La richiesta è stata rigettata sia dal Tribunale sia dalla Corte d’appello di Lecce, che ha attribuito al lavoratore la responsabilità della decisione di non proporre appello. Inoltre, secondo la Corte d’appello, il giudizio prognostico escludeva che, anche con il deposito dei documenti mancanti, il risarcimento sarebbe stato riconosciuto.
I motivi del rigetto
Il rigetto della domanda di risarcimento non si basava solo sull’omesso deposito della dichiarazione dei redditi (necessaria a verificare l’esistenza di un’altra attività lavorativa), ma anche sul lungo intervallo temporale — oltre quattro anni — trascorso tra la scadenza del contratto e l’inizio dell’azione legale. Questo periodo, secondo i giudici, era indicativo di una rinuncia al rapporto di lavoro o comunque di una situazione incompatibile con il risarcimento richiesto.
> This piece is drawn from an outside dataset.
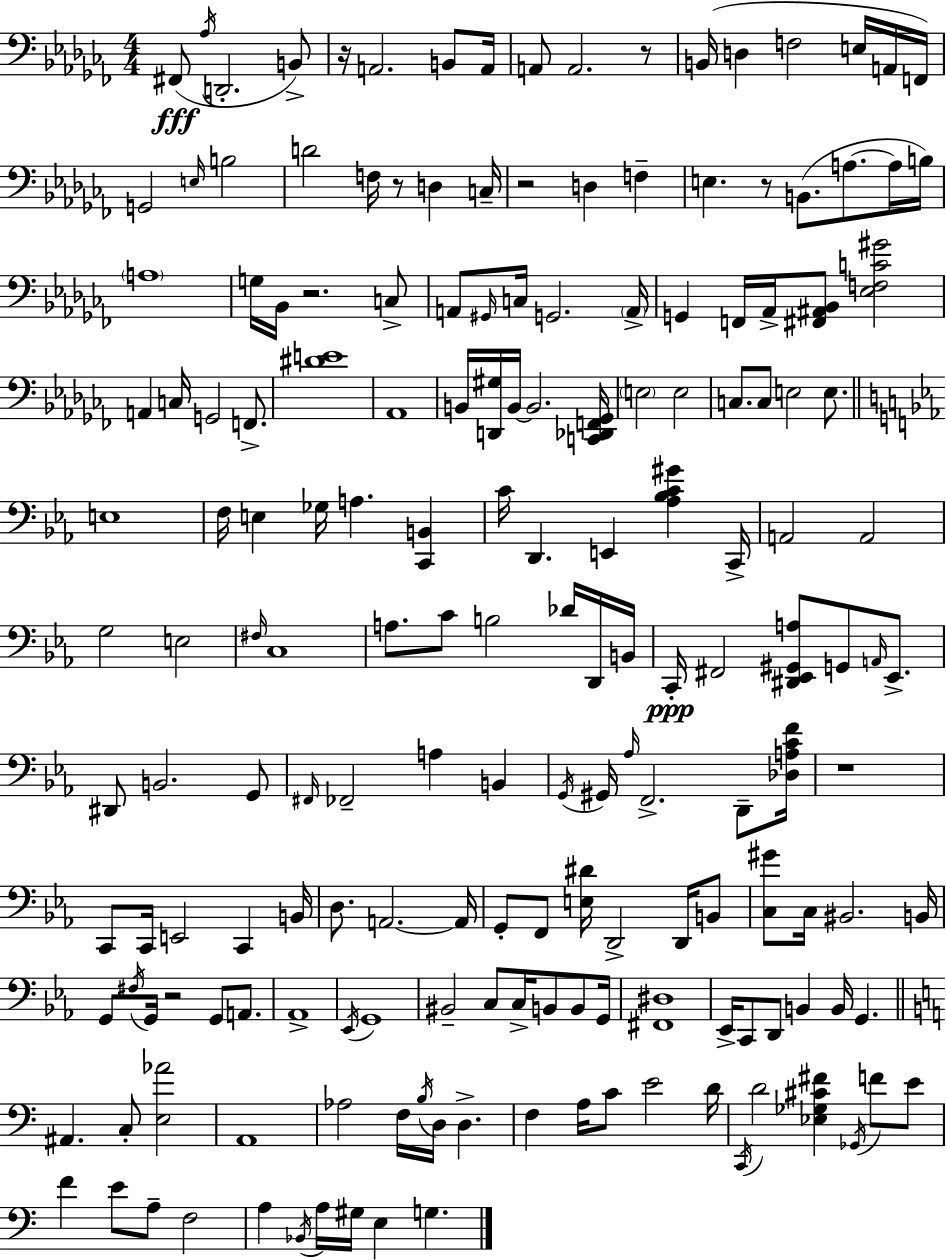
F#2/e Ab3/s D2/h. B2/e R/s A2/h. B2/e A2/s A2/e A2/h. R/e B2/s D3/q F3/h E3/s A2/s F2/s G2/h E3/s B3/h D4/h F3/s R/e D3/q C3/s R/h D3/q F3/q E3/q. R/e B2/e. A3/e. A3/s B3/s A3/w G3/s Bb2/s R/h. C3/e A2/e G#2/s C3/s G2/h. A2/s G2/q F2/s Ab2/s [F#2,A#2,Bb2]/e [Eb3,F3,C4,G#4]/h A2/q C3/s G2/h F2/e. [D#4,E4]/w Ab2/w B2/s [D2,G#3]/s B2/s B2/h. [C2,Db2,F2,Gb2]/s E3/h E3/h C3/e. C3/e E3/h E3/e. E3/w F3/s E3/q Gb3/s A3/q. [C2,B2]/q C4/s D2/q. E2/q [Ab3,Bb3,C4,G#4]/q C2/s A2/h A2/h G3/h E3/h F#3/s C3/w A3/e. C4/e B3/h Db4/s D2/s B2/s C2/s F#2/h [D#2,Eb2,G#2,A3]/e G2/e A2/s Eb2/e. D#2/e B2/h. G2/e F#2/s FES2/h A3/q B2/q G2/s G#2/s Ab3/s F2/h. D2/e [Db3,A3,C4,F4]/s R/w C2/e C2/s E2/h C2/q B2/s D3/e. A2/h. A2/s G2/e F2/e [E3,D#4]/s D2/h D2/s B2/e [C3,G#4]/e C3/s BIS2/h. B2/s G2/e F#3/s G2/s R/h G2/e A2/e. Ab2/w Eb2/s G2/w BIS2/h C3/e C3/s B2/e B2/e G2/s [F#2,D#3]/w Eb2/s C2/e D2/e B2/q B2/s G2/q. A#2/q. C3/e [E3,Ab4]/h A2/w Ab3/h F3/s B3/s D3/s D3/q. F3/q A3/s C4/e E4/h D4/s C2/s D4/h [Eb3,Gb3,C#4,F#4]/q Gb2/s F4/e E4/e F4/q E4/e A3/e F3/h A3/q Bb2/s A3/s G#3/s E3/q G3/q.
La posizione della Cassazione
La Terza sezione civile ha confermato il ragionamento della Corte d’appello, ritenendo che l’omissione del professionista non fosse la causa determinante del rigetto della domanda. La Corte ha inoltre affrontato una questione relativa alle spese di giudizio, specificando che la condanna del ricorrente a pagarle non poteva essere evitata sulla base della sola “virtuale infondatezza” della domanda di garanzia contro un terzo.
Le spese processuali
Secondo la Cassazione, il rimborso delle spese sostenute dal terzo chiamato in causa è giustificato se la chiamata è necessaria rispetto alla domanda principale, anche se quest’ultima risulta infondata. Diversamente, il costo ricade sulla parte che ha chiamato il terzo solo se l’iniziativa è stata arbitraria, ossia priva di una ragionevole connessione con la causa principale.
Conclusione
Nel caso specifico, il ricorrente non ha dimostrato l’arbitrarietà della chiamata in garanzia, confermando la correttezza delle decisioni delle precedenti istanze. La Suprema Corte ribadisce così i principi di responsabilità dell’avvocato, legati non solo alla condotta professionale, ma anche alla rilevanza causale delle omissioni nel contesto complessivo della controversia.